Cancer and the Nature of Life Series.

Friday 13 May 2022, Noon AZ and Pacific time.  Please join us!

Brief Abstract:  Cancer arises when mutations drive cells of the body to abandon their usual functions and to instead embark upon a “selfish” evolutionary program underpinned by abnormal growth. Most cancers exist only within the bodies of the hosts that spawn them; rarely, however, cancers can acquire adaptations allowing them to spread between individuals. In such transmissible cancers the cancer cells themselves become agents of infection. Elizabeth Murchison will discuss recent research on the origins and evolution of the naturally occurring mammalian transmissible cancers affecting dogs and Tasmanian devils.

Elizabeth Murchison is Professor of Comparative Oncology and Genetics at the University of Cambridge, in the Department of Veterinary Medicine. where she leads a team studying transmissible cancer in dogs and Tasmanian devils.
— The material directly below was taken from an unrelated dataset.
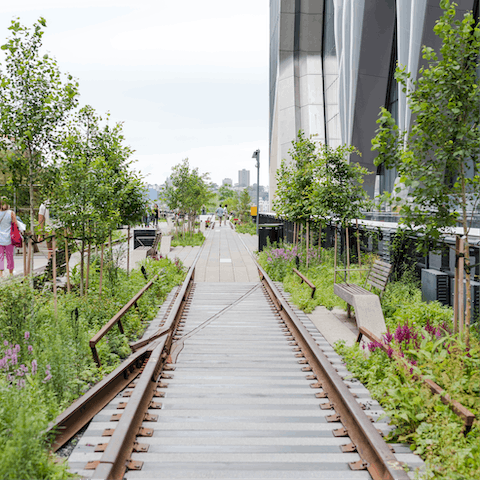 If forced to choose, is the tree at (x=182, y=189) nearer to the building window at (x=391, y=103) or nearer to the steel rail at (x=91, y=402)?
the building window at (x=391, y=103)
In fact, Liz discovered that the cancer raging through the population in Tasmania didn’t come from the body of the affected animals but originated in a different individual – a huge surprise to everyone!

Amy Boddy, from the University of California Santa Barbara, is a researcher in ACE and a human biologist and evolutionary theorist.  Amy uses approaches from disciplines such as comparative biology and genomics to apply evolutionary and ecological theory to human health and diseases, including cancer.